I have one and haven’t had any problems


----------



## stevenattsu (Apr 24, 2009)

Gets heavy with a 25 round drum mag


----------



## kingfish501 (Oct 7, 2007)

Standard with them is a 5 round mag. Most have 10 mags that can be bought.

Never trust your life to a drum.


----------



## SurfRidr (Apr 24, 2012)

> Never trust your life to a drum.


True 'dat.


----------



## murfpcola (Aug 28, 2012)

My understanding is that with box magazine fed shotguns, the shells can flatten out slightly over time causing malfunctions. This supposedly is if left loaded for extended amounts of time. I figure some shells are more likely to flatten than others. I also have zero experience with them.


----------



## John B. (Oct 2, 2007)

Hard pass unless you just want a range toy. 

Sent from my SM-G981V using Tapatalk


----------



## stevenattsu (Apr 24, 2009)

I bought it more as a novelty but its fun to shoot.

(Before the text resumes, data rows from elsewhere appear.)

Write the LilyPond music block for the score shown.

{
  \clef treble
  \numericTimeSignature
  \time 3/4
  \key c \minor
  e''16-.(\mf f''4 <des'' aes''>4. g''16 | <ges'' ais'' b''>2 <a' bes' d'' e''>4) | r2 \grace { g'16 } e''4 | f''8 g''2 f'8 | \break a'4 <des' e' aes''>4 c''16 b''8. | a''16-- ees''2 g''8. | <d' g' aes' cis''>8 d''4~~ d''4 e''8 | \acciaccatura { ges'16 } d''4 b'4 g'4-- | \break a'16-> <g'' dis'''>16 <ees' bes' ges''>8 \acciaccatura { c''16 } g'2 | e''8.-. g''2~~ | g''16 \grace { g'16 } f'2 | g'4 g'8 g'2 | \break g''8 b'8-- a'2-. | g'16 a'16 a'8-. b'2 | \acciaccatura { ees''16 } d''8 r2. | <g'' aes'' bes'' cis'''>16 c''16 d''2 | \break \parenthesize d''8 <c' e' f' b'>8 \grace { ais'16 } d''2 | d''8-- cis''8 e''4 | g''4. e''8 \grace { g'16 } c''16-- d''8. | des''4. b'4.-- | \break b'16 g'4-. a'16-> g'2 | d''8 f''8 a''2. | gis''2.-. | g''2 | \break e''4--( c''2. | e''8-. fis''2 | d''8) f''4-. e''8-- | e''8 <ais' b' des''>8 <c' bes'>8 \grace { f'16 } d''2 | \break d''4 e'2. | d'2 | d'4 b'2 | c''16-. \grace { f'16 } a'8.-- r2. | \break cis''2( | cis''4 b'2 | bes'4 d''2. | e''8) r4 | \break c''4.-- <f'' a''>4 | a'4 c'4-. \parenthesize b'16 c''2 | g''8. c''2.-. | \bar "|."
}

I think all of them are made in Turkey and several generations have been made and improved on. Ive run several 10 round mags through it and haven't had any jamming issues


----------



## huntnflorida (May 24, 2008)

I got plenty of auto loader shotguns in the safe. I wouldn’t turn one down if given to me.


----------



## JoeyWelch (Sep 25, 2009)

stevenattsu said:


> Gets heavy with a 25 round drum mag
> View attachment 1077936


Thats what I need . I can’t see worth a crap.


----------



## John B. (Oct 2, 2007)

stevenattsu said:


> I bought it more as a novelty but its fun to shoot. I think all of them are made in Turkey and several generations have been made and improved on. Ive run several 10 round mags through it and haven't had any jamming issues


That's how I look at them. 
If you want one that runs. Buy a Benelli with the extendo-toooob

Sent from my SM-G981V using Tapatalk


----------